> [Assignment]
Leave the pictures aside and copy all the data exactly.

(Beginning of Information given)

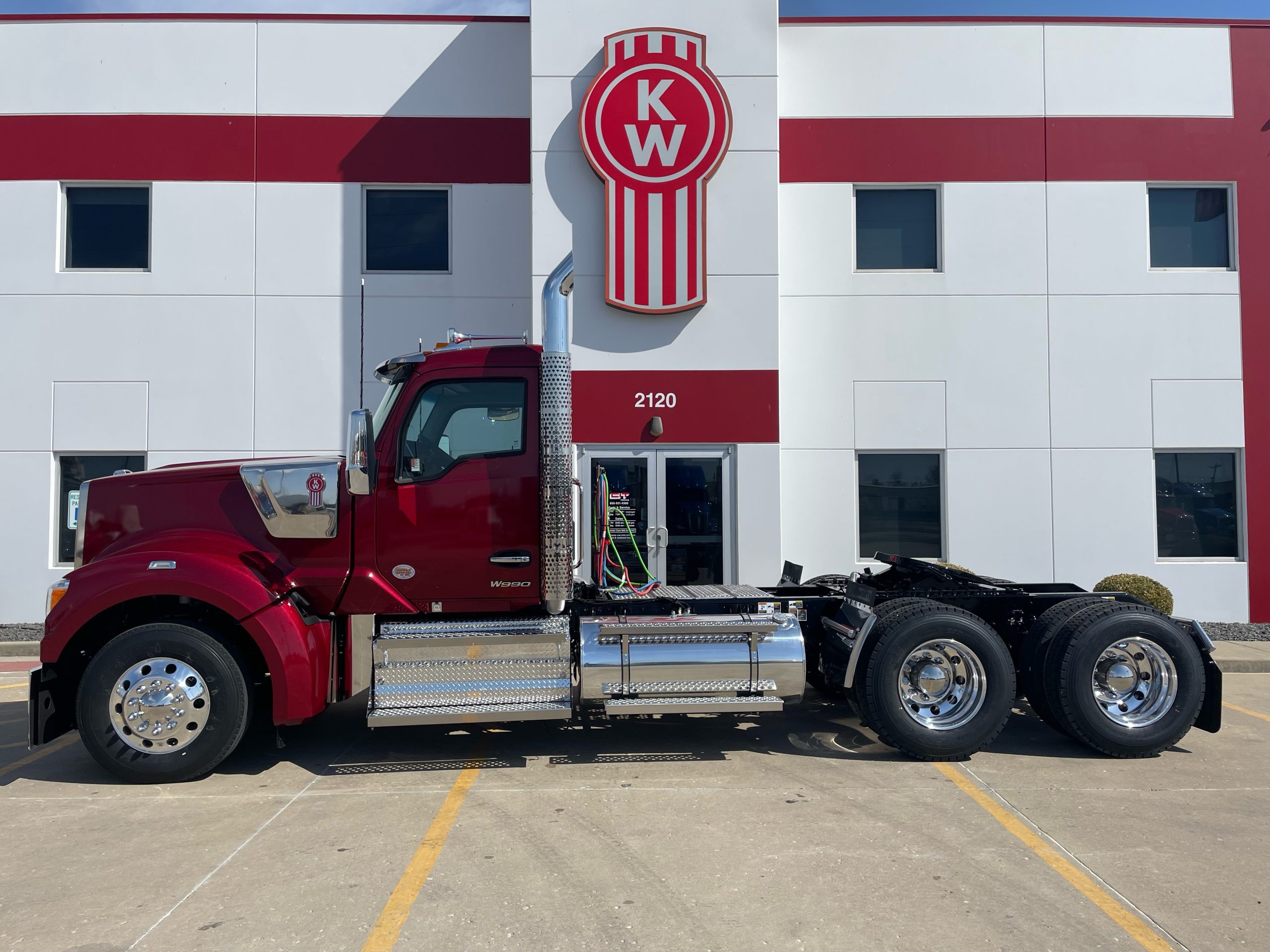 2026 KENWORTH W990 - image 4 of 6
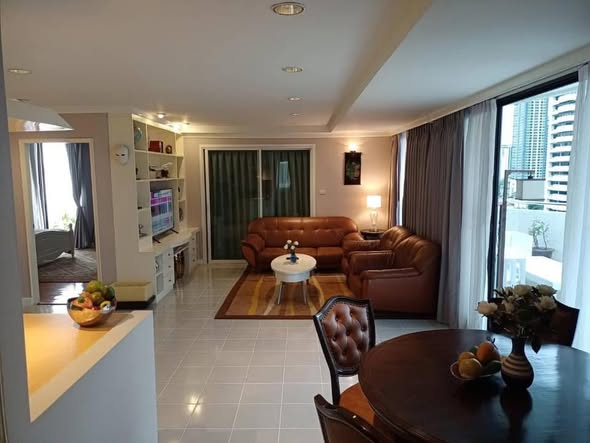 bedroom and living room of Supalai Place Condominium Sukhumvit 39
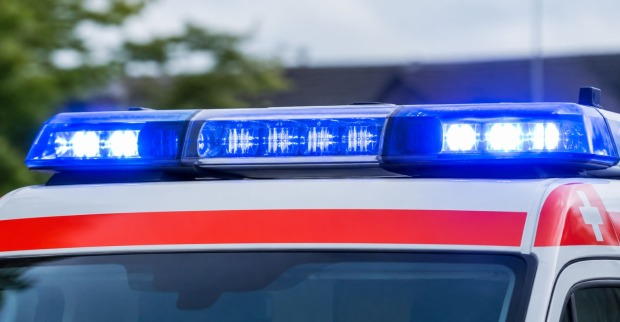 Blaulicht auf einem Rettungsfahrzeug als Symbolbild für den Traktor-Unfall in Roggendorf.
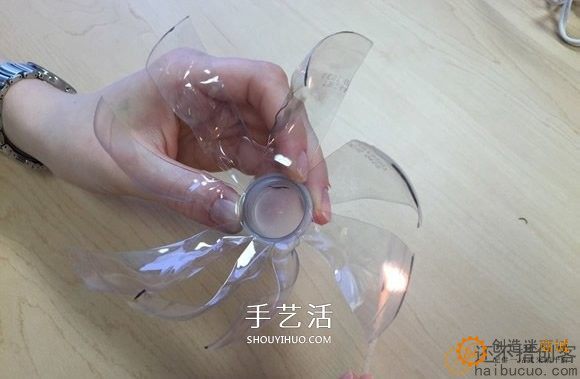 如何制作一个瓶子电动风力小车？用瓶子，瓶盖，马达，扇叶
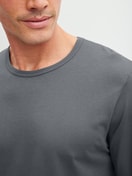 Le mannequin Homme porte le/la T-shirt à manches longues en 100% coton de couleur Gris, Unicolore, de la série RMX Sleep Leisure de CALIDA, Détail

(End of Information given)

> [Exercise response]
 2026 KENWORTH W990 - image 4 of 6
 bedroom and living room of Supalai Place Condominium Sukhumvit 39
 Blaulicht auf einem Rettungsfahrzeug als Symbolbild für den Traktor-Unfall in Roggendorf.
 如何制作一个瓶子电动风力小车？用瓶子，瓶盖，马达，扇叶
 Le mannequin Homme porte le/la T-shirt à manches longues en 100% coton de couleur Gris, Unicolore, de la série RMX Sleep Leisure de CALIDA, Détail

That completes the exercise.